The 20th Chess Olympiad, organized by FIDE and comprising an open team tournament, as well as several other events designed to promote the game of chess, took place between September 18 and October 13, 1972, in Skopje, Yugoslavia (present-day Macedonia).
For the first time, the Soviet team only comprised 5 GMs and one IM (Savon). Since Bobby Fischer had beaten Spassky earlier in the year, the team wasn't led by the current world champion - also a first. It did, however, feature three previous (Smyslov, Tal, and Petrosian) as well as one future champion (Karpov). The team still lived up to expectations, though, and won their eleventh consecutive gold medals, with Hungary and Yugoslavia taking the silver and bronze, respectively.
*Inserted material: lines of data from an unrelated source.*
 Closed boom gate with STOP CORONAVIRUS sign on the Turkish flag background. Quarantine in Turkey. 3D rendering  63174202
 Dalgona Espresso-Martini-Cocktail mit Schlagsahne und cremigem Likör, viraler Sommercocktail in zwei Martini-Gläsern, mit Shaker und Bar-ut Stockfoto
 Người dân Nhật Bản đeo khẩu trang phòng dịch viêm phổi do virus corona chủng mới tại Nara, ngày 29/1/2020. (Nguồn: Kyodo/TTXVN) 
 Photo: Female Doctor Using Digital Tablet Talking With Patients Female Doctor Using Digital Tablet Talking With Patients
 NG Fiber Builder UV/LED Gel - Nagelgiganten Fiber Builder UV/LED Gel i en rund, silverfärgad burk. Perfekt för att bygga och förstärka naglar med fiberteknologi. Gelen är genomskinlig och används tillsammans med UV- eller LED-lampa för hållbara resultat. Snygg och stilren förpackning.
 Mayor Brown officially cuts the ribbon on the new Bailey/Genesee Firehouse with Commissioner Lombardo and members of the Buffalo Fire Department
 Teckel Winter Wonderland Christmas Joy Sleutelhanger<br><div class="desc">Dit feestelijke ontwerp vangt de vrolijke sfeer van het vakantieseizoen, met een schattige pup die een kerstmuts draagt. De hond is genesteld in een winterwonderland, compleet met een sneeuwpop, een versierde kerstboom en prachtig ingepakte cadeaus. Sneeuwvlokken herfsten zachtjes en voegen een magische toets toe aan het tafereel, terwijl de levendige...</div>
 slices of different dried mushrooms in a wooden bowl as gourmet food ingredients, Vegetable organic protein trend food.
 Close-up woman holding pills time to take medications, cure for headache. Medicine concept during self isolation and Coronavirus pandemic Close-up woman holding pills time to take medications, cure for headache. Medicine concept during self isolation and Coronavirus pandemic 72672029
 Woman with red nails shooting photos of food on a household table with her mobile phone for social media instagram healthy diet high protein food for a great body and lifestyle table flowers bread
Before the Soviet team could achieve a victory, there was some controversy. In the 4th round of Final Group A, the Soviets played a match against the team from Bulgaria. A game between Victor Korchnoi and Georgi Tringov was adjourned after 41 moves with Tringov to seal his next move. At this Olympiad, sealed moves were written on a separate piece of paper, not the player's score sheet. Tringov rejected this way of sealing his move and instead wrote it on his score sheet.
When the game was resumed, the arbiter opened the envelope. In the envelope was Korchnoi's score sheet but not the one belonging to Tringov. The arbiter ruled the game a forfeit win for Korchnoi. The Bulgarian team captain instituted protest proceedings but an arbitration committee upheld the arbiter's ruling.
After the Olympiad was over, it was learned that Tringov had absentmindedly placed his score sheet in his pocket. Tringov discovered his mistake several days after his forfeit but was too ashamed to admit his mistake to the organizers of the Olympiad.
In Final B, the Albanian team refused to play Israel and withdrew after round 11. Their matches were regarded as "friendlies" and didn't count in the overall standings.
Jens Enevoldsen represented Denmark at his 11th and final Olympiad, 39 years after his first appearance at Folkestone 1933. Both records at the time (although both have since been beaten by Lajos Portisch).
A total of 63 teams were divided into eight preliminary groups of seven or eight teams each, from which the top two advanced to Final A, no. 3-4 to Final B etc. Unlike the last few tournaments, preliminary head-to-head results were not carried over to the finals, so each teams met one other team twice. All preliminary groups and finals were played as round-robin tournaments. The results were as follows:
|1||Soviet Union||Petrosian, Korchnoi, Smyslov, Tal, Karpov, Savon||2635||42|
|2||Hungary||Portisch, Bilek, Forintos, Ribli, Csom, Sax||2531||40½|
|3||Yugoslavia||Gligorić, Ivkov, Ljubojević, Matanović, Matulović, Rukavina||2543||38|
|4||Czechoslovakia||Hort, Smejkal, Filip, Jansa, Přibyl, Trapl||2534||35½|
|5||West Germany||Hübner, Darga, Pfleger, Hecht, Kestler, Dueball||2540||35|
|6||Bulgaria||Bobotsov, Tringov, Radulov, Padevsky, Peev, Bohosjan||2459||32|
|7||Romania||Gheorghiu, Ciocâltea, Ghiţescu, Ungureanu, Ghizdavu, Partoş||2466||31½|
|8||Netherlands||Donner, Ree, Zuidema, Timman, Hartoch, Enklaar||2465||29||13||2½|
|9||United States||Kavalek, Byrne, Benko, Bisguier, Martz, Kane||2515||29||13||1½|
|10||East Germany||Uhlmann, Malich, Knaak, Liebert, Schöneberg, Vogt||2490||27½|
|11||Spain||Pomar, Díez del Corral, Medina, Torán, Bellón López, Visier Segovia||2434||26|
|12||Poland||Schmidt, Bednarski, Pytel, Sznapik, Filipowicz, Sydor||2410||24½|
|13||Denmark||Hamann, Jakobsen, Sloth, Holm, Enevoldsen, Pedersen||2428||23|
|14||Argentina||Rossetto, García, Rubinetti, Emma, Debarnot, Hase||2418||22½||9|
|15||Sweden||Andersson, Jansson, Ornstein, Liljedahl, Olsson, Uddenfeldt||2399||22½||8|
|16||Switzerland||Hug, Lombard, Bhend, Schaufelberger, Wirthensohn, Gereben||2383||21½|
|62||British Virgin Islands||2200||10½|
The Best Game prize went to Werner Hug (Switzerland) - Vlastimil Hort (Czechoslovakia) from Final A.